_Stored data entries_.
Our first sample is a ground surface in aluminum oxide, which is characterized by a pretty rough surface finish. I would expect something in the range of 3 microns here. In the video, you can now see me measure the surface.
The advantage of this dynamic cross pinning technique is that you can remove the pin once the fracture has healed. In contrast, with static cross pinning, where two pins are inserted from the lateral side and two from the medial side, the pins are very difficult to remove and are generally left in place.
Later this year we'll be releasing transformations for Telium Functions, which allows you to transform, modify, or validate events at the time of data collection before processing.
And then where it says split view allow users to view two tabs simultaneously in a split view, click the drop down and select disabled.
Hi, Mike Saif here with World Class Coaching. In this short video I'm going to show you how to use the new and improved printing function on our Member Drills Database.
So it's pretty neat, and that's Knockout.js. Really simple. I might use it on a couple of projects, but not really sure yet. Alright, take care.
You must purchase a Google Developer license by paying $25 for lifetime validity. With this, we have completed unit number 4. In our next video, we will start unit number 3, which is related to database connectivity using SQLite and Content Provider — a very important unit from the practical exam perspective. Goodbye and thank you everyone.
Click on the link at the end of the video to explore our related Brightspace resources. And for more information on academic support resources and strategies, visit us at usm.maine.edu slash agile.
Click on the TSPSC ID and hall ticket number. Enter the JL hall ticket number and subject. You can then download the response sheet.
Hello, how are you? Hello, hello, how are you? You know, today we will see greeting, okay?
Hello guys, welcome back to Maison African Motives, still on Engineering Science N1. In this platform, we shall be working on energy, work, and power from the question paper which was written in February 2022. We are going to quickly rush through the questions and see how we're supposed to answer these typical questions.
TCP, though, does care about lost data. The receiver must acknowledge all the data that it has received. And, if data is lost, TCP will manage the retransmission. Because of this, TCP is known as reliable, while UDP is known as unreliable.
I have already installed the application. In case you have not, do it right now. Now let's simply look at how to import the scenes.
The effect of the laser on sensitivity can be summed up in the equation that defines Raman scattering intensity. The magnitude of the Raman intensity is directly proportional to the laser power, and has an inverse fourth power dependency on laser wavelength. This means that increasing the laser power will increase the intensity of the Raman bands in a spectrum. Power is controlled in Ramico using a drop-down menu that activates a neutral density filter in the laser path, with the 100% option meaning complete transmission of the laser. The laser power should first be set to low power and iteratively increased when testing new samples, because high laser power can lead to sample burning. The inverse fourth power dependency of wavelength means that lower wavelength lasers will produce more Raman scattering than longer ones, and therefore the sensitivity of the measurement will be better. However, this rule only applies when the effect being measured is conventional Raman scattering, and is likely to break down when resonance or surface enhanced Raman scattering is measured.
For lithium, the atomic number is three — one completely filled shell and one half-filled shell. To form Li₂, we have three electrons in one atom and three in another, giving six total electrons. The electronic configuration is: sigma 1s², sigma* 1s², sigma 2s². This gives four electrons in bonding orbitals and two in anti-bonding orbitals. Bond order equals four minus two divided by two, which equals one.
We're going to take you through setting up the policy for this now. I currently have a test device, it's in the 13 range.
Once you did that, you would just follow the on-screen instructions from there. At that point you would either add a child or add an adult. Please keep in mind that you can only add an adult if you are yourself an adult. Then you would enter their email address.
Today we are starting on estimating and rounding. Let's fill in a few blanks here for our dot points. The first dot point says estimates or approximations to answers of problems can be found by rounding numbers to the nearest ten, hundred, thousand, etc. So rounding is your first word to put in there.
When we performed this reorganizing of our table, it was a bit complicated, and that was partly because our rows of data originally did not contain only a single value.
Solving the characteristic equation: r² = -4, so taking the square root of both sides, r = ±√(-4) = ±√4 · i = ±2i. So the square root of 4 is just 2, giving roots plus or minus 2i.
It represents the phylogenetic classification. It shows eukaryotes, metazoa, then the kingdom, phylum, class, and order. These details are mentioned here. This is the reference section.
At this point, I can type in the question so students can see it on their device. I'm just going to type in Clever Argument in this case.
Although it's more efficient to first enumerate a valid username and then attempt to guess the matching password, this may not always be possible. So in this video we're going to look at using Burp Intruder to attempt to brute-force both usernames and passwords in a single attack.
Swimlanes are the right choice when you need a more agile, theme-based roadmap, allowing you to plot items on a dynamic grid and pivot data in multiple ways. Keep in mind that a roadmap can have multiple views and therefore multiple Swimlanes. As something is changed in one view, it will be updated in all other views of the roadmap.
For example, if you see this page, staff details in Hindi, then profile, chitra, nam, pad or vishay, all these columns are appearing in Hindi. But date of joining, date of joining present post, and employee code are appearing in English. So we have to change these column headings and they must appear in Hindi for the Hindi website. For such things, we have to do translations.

_ASSIGNED TASK_. Retype exactly the lines from the one containing "Although it's more" through the last line of the records above, including both.

_ANSWER SECTION_.
Although it's more efficient to first enumerate a valid username and then attempt to guess the matching password, this may not always be possible. So in this video we're going to look at using Burp Intruder to attempt to brute-force both usernames and passwords in a single attack.
Swimlanes are the right choice when you need a more agile, theme-based roadmap, allowing you to plot items on a dynamic grid and pivot data in multiple ways. Keep in mind that a roadmap can have multiple views and therefore multiple Swimlanes. As something is changed in one view, it will be updated in all other views of the roadmap.
For example, if you see this page, staff details in Hindi, then profile, chitra, nam, pad or vishay, all these columns are appearing in Hindi. But date of joining, date of joining present post, and employee code are appearing in English. So we have to change these column headings and they must appear in Hindi for the Hindi website. For such things, we have to do translations.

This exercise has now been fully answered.